A 21-ton section of a rocket launched by China’s space agency finally returned to Earth’s atmosphere Saturday night, falling above the Indian Ocean near the Maldives, after the booster spent days careering toward the planet in a fast, out-of-control orbit.
The core booster of the Long March-5B rocket re-entered Earth’s atmosphere at 10:24 p.m. Eastern time, the Chinese Manned Space Engineering Office said on social media Saturday.
It emerged south of India after orbiting Earth at 18,000 miles per hour, defying some experts’ projections that it would land in the Mediterranean or the South Pacific.
China’s space agency said most of the booster’s mass burned up while tearing through the atmosphere, and the rest fell into the ocean.
Some experts say several tons of debris could have survived the fall to Earth’s surface intact, including heavier components like tanks or engine parts.
The Chinese government launched Long March last week to put a component of China’s new space station into orbit.

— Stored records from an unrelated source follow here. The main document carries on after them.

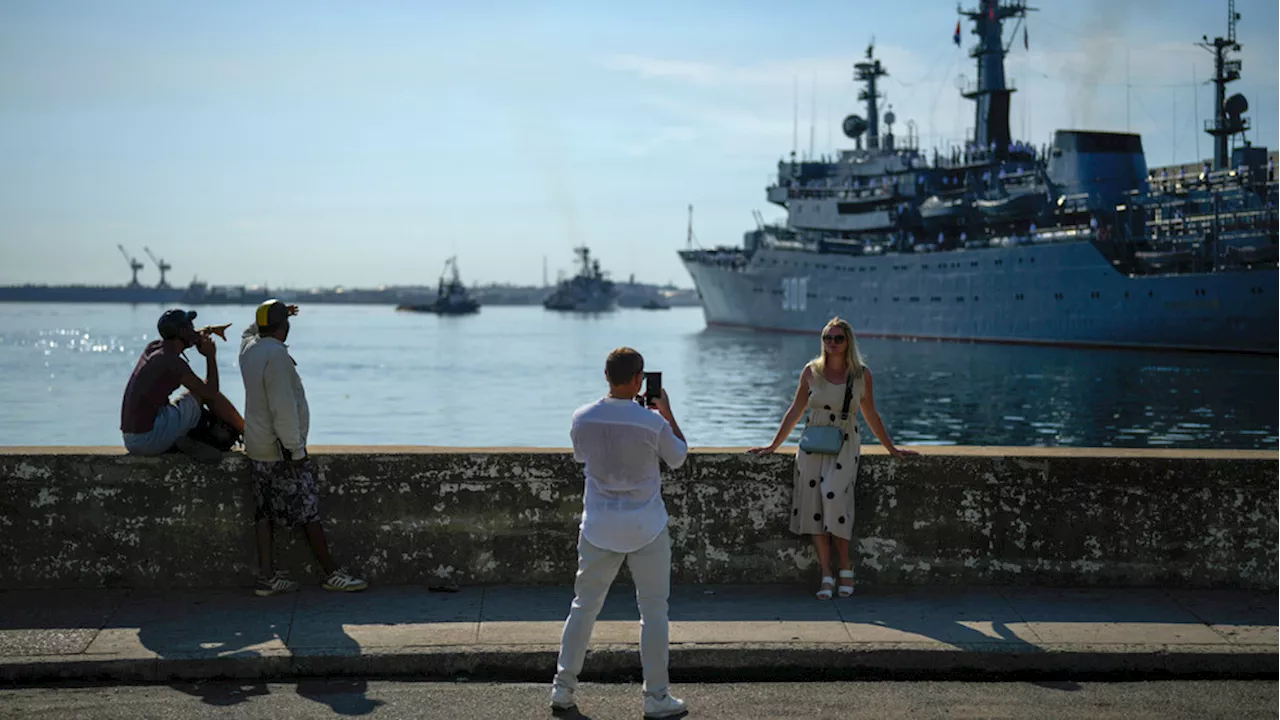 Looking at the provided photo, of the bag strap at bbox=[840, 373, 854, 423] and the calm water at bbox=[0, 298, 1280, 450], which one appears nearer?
the bag strap at bbox=[840, 373, 854, 423]

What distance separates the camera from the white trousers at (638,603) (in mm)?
5086

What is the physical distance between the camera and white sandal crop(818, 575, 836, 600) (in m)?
6.71

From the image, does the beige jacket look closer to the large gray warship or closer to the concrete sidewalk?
the concrete sidewalk

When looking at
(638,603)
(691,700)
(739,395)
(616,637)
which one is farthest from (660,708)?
(739,395)

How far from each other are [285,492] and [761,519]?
97.0 inches

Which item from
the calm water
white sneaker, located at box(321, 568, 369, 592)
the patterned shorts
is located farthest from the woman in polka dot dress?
the calm water

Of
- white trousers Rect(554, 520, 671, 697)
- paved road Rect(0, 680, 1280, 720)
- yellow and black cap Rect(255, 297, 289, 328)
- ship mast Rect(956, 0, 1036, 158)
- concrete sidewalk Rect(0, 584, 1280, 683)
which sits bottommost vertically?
paved road Rect(0, 680, 1280, 720)

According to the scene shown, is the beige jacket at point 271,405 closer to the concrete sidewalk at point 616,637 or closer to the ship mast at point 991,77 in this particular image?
the concrete sidewalk at point 616,637

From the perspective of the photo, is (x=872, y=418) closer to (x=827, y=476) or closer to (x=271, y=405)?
(x=827, y=476)

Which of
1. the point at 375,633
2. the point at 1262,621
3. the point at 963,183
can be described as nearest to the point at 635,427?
the point at 375,633

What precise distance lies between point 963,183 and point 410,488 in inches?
3341

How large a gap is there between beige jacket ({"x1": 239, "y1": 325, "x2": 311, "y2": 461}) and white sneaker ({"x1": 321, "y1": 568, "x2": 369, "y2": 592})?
0.65m

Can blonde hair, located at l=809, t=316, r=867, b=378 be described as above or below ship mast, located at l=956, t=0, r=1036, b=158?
below

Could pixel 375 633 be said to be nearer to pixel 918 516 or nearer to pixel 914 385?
pixel 918 516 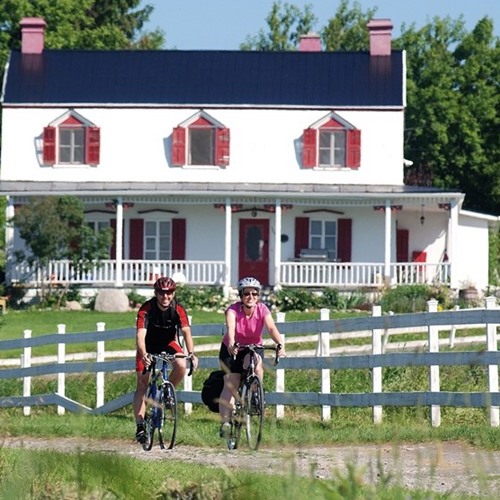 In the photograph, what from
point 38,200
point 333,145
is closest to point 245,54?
point 333,145

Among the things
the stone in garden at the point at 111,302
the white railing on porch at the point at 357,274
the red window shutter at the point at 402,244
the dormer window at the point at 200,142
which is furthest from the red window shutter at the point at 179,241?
the red window shutter at the point at 402,244

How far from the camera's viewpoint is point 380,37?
44312 mm

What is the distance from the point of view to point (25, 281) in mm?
41031

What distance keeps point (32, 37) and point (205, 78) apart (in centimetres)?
538

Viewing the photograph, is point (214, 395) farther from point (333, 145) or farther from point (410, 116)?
point (410, 116)

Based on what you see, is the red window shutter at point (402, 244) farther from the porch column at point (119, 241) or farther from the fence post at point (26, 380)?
the fence post at point (26, 380)

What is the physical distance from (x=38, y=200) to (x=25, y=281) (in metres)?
2.52

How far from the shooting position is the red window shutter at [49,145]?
140ft

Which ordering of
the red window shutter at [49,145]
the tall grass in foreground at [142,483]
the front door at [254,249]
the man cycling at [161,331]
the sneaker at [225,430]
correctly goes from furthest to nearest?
the red window shutter at [49,145] → the front door at [254,249] → the man cycling at [161,331] → the sneaker at [225,430] → the tall grass in foreground at [142,483]

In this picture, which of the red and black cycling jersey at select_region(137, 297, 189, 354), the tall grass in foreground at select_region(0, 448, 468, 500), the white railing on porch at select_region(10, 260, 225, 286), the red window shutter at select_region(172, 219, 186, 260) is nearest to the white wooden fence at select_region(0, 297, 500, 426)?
the red and black cycling jersey at select_region(137, 297, 189, 354)

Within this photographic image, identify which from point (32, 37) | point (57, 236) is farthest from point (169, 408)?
point (32, 37)

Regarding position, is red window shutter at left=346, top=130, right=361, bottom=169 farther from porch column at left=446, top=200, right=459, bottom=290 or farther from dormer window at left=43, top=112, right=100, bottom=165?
dormer window at left=43, top=112, right=100, bottom=165

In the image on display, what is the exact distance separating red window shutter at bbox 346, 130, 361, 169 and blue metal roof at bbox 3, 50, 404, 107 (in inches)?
32.6

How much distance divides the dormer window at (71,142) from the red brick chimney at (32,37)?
3230mm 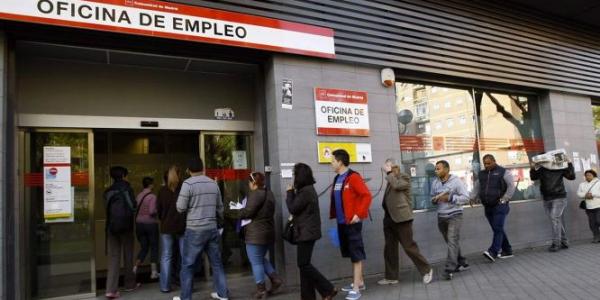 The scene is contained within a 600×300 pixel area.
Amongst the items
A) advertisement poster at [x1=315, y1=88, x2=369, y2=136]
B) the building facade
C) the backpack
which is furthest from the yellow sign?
the backpack

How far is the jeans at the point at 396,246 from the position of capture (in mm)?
5672

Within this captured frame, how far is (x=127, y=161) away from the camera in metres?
8.45

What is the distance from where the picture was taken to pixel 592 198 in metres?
8.62

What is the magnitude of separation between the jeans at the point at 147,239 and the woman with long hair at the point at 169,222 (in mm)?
859

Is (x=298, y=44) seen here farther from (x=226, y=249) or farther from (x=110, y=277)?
(x=110, y=277)

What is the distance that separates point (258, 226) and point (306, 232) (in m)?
0.81

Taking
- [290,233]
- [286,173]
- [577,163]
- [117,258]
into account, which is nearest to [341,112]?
[286,173]

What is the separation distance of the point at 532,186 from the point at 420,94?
328cm

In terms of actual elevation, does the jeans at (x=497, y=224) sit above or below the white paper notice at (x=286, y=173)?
below

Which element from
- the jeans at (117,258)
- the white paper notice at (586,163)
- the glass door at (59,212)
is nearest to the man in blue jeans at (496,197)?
the white paper notice at (586,163)

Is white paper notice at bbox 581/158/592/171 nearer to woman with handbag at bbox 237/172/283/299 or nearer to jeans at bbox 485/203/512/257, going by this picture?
jeans at bbox 485/203/512/257

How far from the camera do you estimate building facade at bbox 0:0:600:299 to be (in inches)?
215

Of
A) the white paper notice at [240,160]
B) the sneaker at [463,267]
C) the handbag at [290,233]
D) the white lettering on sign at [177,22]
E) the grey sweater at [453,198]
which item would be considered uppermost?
the white lettering on sign at [177,22]

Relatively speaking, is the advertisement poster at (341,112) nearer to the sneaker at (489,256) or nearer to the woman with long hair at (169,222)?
the woman with long hair at (169,222) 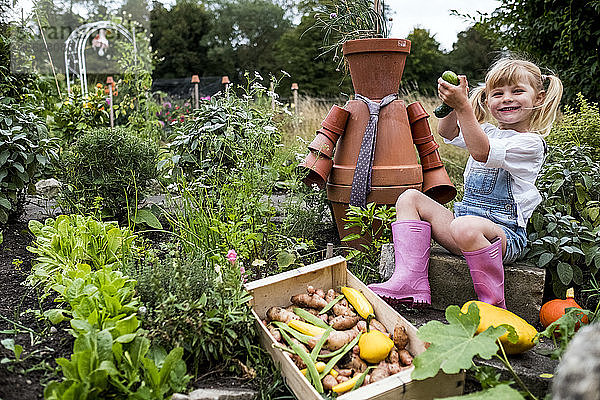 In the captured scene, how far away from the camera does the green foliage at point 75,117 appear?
5.18m

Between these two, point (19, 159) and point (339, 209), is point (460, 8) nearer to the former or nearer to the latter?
point (339, 209)

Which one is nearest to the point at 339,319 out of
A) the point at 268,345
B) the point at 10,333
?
the point at 268,345

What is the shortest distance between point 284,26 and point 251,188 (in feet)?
76.3

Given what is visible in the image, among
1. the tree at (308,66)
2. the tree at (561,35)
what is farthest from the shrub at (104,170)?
the tree at (308,66)

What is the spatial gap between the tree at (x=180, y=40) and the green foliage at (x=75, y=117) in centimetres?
1661

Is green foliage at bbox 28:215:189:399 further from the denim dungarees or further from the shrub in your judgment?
the denim dungarees

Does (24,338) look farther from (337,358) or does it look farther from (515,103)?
(515,103)

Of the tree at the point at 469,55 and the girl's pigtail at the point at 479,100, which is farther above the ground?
the tree at the point at 469,55

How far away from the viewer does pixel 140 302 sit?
167 centimetres

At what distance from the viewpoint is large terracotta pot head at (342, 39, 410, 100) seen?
256 cm

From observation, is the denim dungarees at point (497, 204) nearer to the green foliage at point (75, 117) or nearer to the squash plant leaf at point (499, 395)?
the squash plant leaf at point (499, 395)

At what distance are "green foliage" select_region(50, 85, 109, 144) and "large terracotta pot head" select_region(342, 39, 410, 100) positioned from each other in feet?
10.9

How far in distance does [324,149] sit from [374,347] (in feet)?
3.75

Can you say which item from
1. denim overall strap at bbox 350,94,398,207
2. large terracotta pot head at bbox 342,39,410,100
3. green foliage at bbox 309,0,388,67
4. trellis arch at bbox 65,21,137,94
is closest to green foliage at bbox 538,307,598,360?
denim overall strap at bbox 350,94,398,207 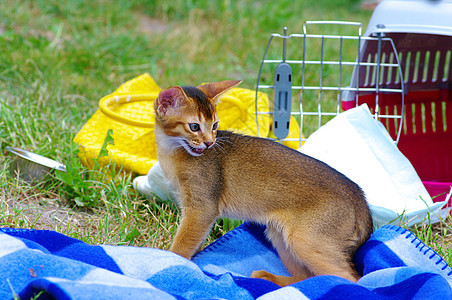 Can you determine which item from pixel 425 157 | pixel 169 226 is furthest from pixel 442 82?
pixel 169 226

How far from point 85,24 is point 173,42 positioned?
0.85 meters

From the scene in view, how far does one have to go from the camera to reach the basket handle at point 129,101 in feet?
9.20

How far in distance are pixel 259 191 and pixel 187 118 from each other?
44 centimetres

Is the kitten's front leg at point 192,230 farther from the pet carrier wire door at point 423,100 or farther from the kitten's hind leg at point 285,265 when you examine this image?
the pet carrier wire door at point 423,100

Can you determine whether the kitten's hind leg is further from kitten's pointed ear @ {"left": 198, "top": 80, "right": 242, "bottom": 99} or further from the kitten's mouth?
kitten's pointed ear @ {"left": 198, "top": 80, "right": 242, "bottom": 99}

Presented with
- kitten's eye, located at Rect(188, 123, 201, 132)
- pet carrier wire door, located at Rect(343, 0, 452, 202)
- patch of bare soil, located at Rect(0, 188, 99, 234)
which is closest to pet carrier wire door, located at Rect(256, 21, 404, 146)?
pet carrier wire door, located at Rect(343, 0, 452, 202)

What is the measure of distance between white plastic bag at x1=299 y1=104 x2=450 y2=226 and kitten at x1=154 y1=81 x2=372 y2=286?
407 millimetres

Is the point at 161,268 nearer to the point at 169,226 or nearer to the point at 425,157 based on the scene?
the point at 169,226

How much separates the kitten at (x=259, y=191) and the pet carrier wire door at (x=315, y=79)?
0.62 metres

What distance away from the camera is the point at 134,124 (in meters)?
2.81

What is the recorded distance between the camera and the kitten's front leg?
2.10m

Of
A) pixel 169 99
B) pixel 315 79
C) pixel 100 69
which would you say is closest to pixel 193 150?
pixel 169 99

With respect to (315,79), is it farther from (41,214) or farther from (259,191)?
(41,214)

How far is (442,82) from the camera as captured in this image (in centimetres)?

Rocket boosters usually maneuver themselves to fall into the ocean in a predictable manner after their mission is over, but Long March’s booster entered Earth’s orbit instead, causing it to speed up and circle the planet while gravity gradually pulled it back down.
China has caught some flak for this mishap: Scientists and Pentagon officials have accused the country of deploying a poorly designed rocket and acting recklessly.